Mia Wasikowska’s Helen Hatton falls for Roy Laferty (Henry Mulling – best remembered playing Harry Potter’s spoiled and insolent cousin, Dudley Dursley), who once was scared of spiders. So, he turned to the Lord to escape his fears. Finding faith, Roy started sermonizing about his affliction going as far to show parishioners just how far he had come in conquering his arachnophobia. Let’s just say it doesn’t end well for Roy and Helen.

Years later, Helen’s daughter and Russell’s son would grow up as stepsiblings. Played by Eliza Scanlen and Tom Holland in their adolescent years, their kinship may be the saintliest of all relationships represented. Holland’s Arvin is a watchful protector. As the current interpretation of the friendly, neighborhood Spider-Man, Holland trades the red-and-blue suit gifted to him by Iron Man for a denim one. Jacket and jeans: a denim tuxedo.
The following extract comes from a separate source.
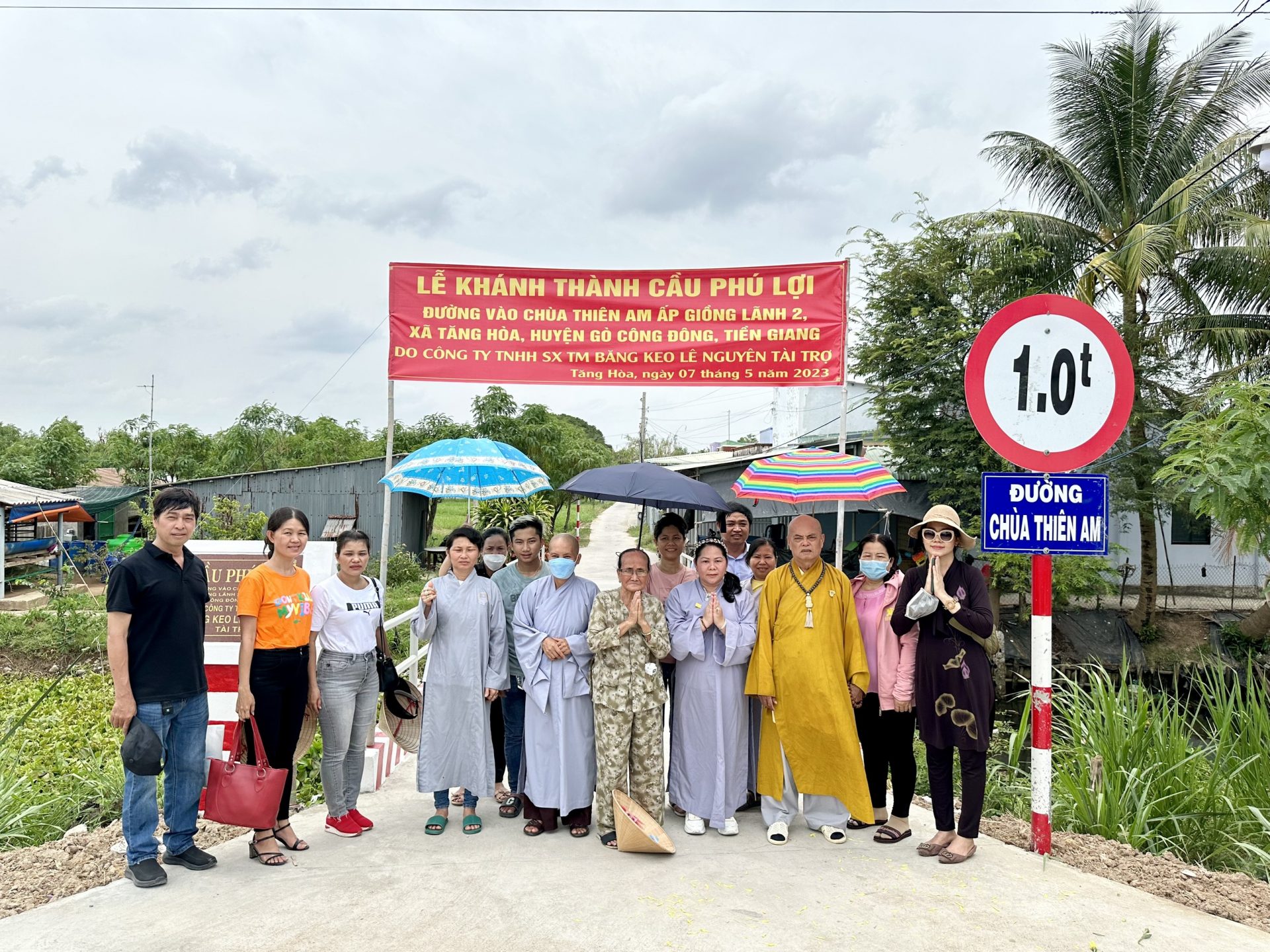 Tiền Giang: Chùa Thiên Am khánh thành cầu giao thông nông thôn Phú Lợi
When he sees his sister Lenora being hounded by three boys teeming with hormones, he reacts swiftly. Taking his licks – getting a shiner that only a cold, raw steak could cure (if he could afford steak) – Arvin recalls his father’s advice in dispensing payback. Being gifted a family heirloom would chart his destiny in becoming a violent avenger.
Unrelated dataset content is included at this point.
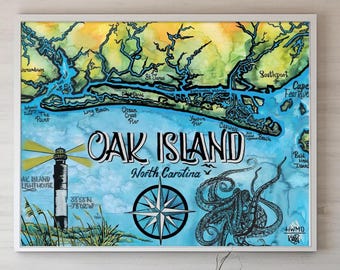 Oak Island Map Print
Although its brutal violence, animal cruelty, and treatment of women aren’t for the faint of heart, THE DEVIL ALL THE TIME sustains interest in large part because of the list of actors assembled. The cast is insane. I haven’t even mentioned Sebastian Stan as a crooked sheriff or Robert Pattinson as a wicked preacher. When first introduced, Pattinson’s grey suit is a telltale sign that he can sway towards good or evil.
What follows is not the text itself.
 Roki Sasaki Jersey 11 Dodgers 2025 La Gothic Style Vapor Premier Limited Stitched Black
Along backroads through god-fearing rural lands, lawlessness roams wild. Guiding us is a mysterious narrator, in keeping with the spirit of Pollack’s novel. It turns out, Campos reached out to the novelist himself to narrate. It’s a novel touch in allowing Pollack to lend his voice, articulating words and sentences that flow like an old, rusted water spigot. The result, though, makes for a bumpy ride, adding to a vexed viewing experience.

It didn’t bother me much. Actually, upon seeing THE DEVIL ALL THE TIME, I was more inclined to read the novel to immerse myself further in these deranged characters’ lives and allow Pollack’s prose to penetrate my eyeballs.

Gritty and gothic, THE DEVIL ALL THE TIME is not a pleasing watch. But a talented cast playing deplorables is just enough to spark interest. Just make sure to shower afterward. You’re going to need one.

Grade: B-

THE DEVIL ALL THE TIME is now playing in select theaters. Available to stream on Netflix on September 16.